A Pakistani royal wedding in Jaipur, but with a difference. Over a 100 baraatis from Umerkot in Pakistan's Sindh have travelled across the border for a very special alliance. Karni Singh, the son and heir of the Islamic Republic's only Hindu jagir married Padmini Kumari, daughter of the former thakur of Kanota on Friday night.
During Partition, the Hindu rulers of Umerkot had chosen to stay back in their ancestral home and had refused to move to India. For 18 years after that, they would often visit their relatives in Barmer and Jaisalmer. But after the 1965 war, the border was fenced and people-to-people contact was cut off. But now, the erstwhile royals are back in India to make a fresh alliance.
"Religion and identity, these things that are more prevalent now," says Rana Hamir, the father of the groom. "But for us, common culture and heritage is more important. If we had left that, we would have been nothing," he adds.

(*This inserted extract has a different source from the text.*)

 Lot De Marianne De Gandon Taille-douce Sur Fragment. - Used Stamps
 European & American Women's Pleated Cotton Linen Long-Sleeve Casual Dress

The significance of the cross-border alliance is not lost on Karni Singh. He says the Indian government has fully co-operated and issued visas in record time to 100 wedding guests from Pakistan.
"When Indians and Pakistanis meet and embrace at occasions like these their perceptions about each other change," he said. Karni Singh and his family will stay back in India till Pdmini Kumari gets her visa to Pakistan.
Her father, Man Singh, the former thakur of the Kanota family, said he accepted immediately when the proposal came to him. "I did not think about India and Pakistan and the boundaries between the two countries," he says. "I only thought what a respectable, historical and cultured family we were making an alliance with," he adds.
The jagir of Umerkot has a considerable Hindu population, and has a significant role in the region's history, claiming to have never been conquered by invaders. The Mughal ruler Akbar was born at Umerkot Fort, where his father Humayun was under the refuge of Umerkot's rana.